This inspection constituted two MSPI heat removal system samples as defined in IP 71151-05.

b. Findings

No findings were identified.

.4 Mitigating Systems Performance Index - Residual Heat Removal System

a. Inspection Scope

The inspectors sampled licensee submittals for MSPI - Residual Heat Removal System (RHR) System PI for Braidwood Unit 1 and Unit 2 for the period from the third quarter 2011 to the third quarter 2012. To determine the accuracy of the PI data reported during those periods, PI definitions and guidance contained in NEI 99-02, Regulatory Assessment Performance Indicator Guideline, Revision 6, dated October 2009, was used. The inspectors reviewed the licensees operator narrative logs, IRs, MSPI derivation reports, event reports and NRC Inspection Reports for the period of July 1, 2011, through September 30, 2012, to validate the accuracy of the submittals. The inspectors reviewed the MSPI component risk coefficient to determine if it had changed by more than 25 percent in value since the previous inspection, and if so, whether the change was in accordance with applicable NEI guidance. The inspectors also reviewed the licensees IR database to determine if any problems had been identified with the PI data collected or transmitted for this indicator. Documents reviewed are listed in the

.

This inspection constituted two MSPI RHR system samples as defined in IP 71151-05.

b. Findings

No findings were identified.

.5 Mitigating Systems Performance Index - Cooling Water Systems

a. Inspection Scope

The inspectors sampled licensee submittals for the MSPI - Cooling Water Systems PI for Braidwood Unit 1 and Unit 2 for the third quarter 2011 to the third quarter 2012. To determine the accuracy of the PI data reported during those periods, PI definitions and guidance contained in NEI 99-02, Regulatory Assessment Performance Indicator Guideline, Revision 6, dated October 2009, was used. The inspectors reviewed the licensees operator narrative logs, IRs, MSPI derivation reports, event reports and NRC Inspection Reports for the period of July 1, 2011 through September 30, 2012, to validate the accuracy of the submittals. The inspectors reviewed the MSPI component risk coefficient to determine if it had changed by more than 25 percent in value since the previous inspection, and if so, whether the change was in accordance with applicable NEI guidance. The inspectors also reviewed the licensees IR database to determine if any problems had been identified with the PI data collected or transmitted for this indicator. Documents reviewed are listed in the Attachment.

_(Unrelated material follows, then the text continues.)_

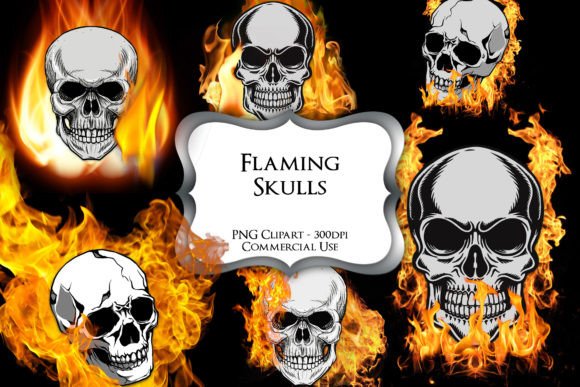 Download Flaming Skulls PNG Clipart Graphics - Art Collection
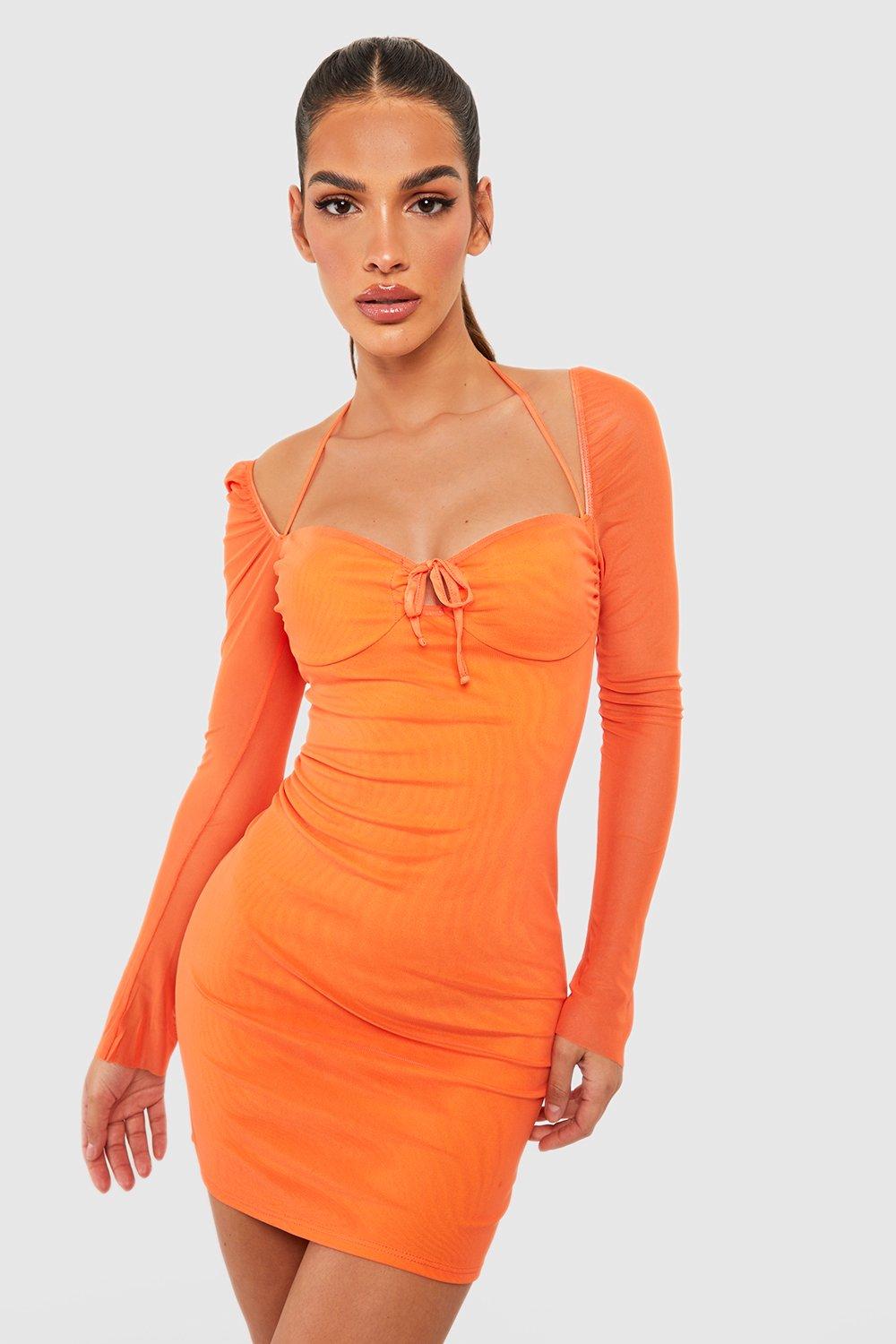 Vestido de punto largo ajustado orange mujer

This inspection constituted two MSPI cooling water system samples as defined in IP 71151-05.

b. Findings

No findings were identified.

.6 Reactor Coolant System Leakage

a. Inspection Scope

The inspectors sampled licensee submittals for the RCS Leakage PI for Braidwood Unit 1 and Unit 2 for the period from the first quarter 2012 through the third quarter 2012.

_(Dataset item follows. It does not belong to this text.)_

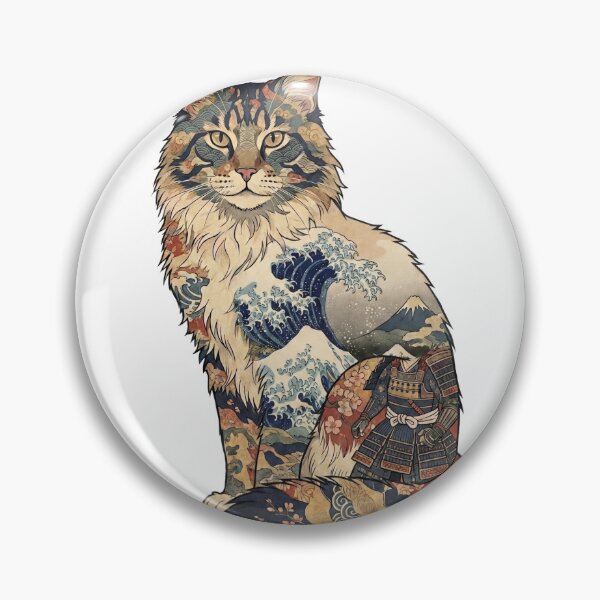 Item preview, Ukiyo-e Cat Collage — Great Wave, Samurai & Sakura Cat Silhouette | Japanese Art Sticker designed and sold by Ukiyo Neko Hyakkei - Cats of the Floating World-.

To determine the accuracy of the PI data reported during those periods, PI definitions and guidance contained in NEI 99-02, Regulatory Assessment Performance Indicator Guideline, Revision 6, dated October 2009, was used. The inspectors reviewed the licensees operator logs, RCS leakage tracking data, IRs, event reports and NRC Inspection Reports for the period of January 1, 2012 through September 30, 2012, to validate the accuracy of the submittals. The inspectors also reviewed the licensees issue report database to determine if any problems had been identified with the PI data collected or transmitted for this indicator. Documents reviewed are listed in the

.

This inspection constituted two RCS leakage samples as defined in IP 71151-05.

b. Findings

No findings were identified.

4OA2 Identification and Resolution of Problems

.1 Routine Review of Items Entered into the Corrective Action Program

a. Inspection Scope

As part of the various baseline inspection procedures discussed in previous sections of this report, the inspectors routinely reviewed issues during baseline inspection activities and plant status reviews to verify they were being entered into the licensees CAP at an appropriate threshold, that adequate attention was being given to timely corrective actions, and that adverse trends were identified and addressed. Attributes reviewed included whether identification of the problem was complete and accurate; timeliness was commensurate with the safety significance of the issue; whether the evaluation and disposition of performance issues, generic implications, common causes, contributing factors, root causes, extent-of-condition reviews, and previous occurrences reviews were proper and adequate; and whether the classification, prioritization, focus, and timeliness of corrective actions were commensurate with safety and sufficient to prevent recurrence of the issue. Minor issues entered into the licensees CAP as a result of the inspectors observations are included in the Attachment.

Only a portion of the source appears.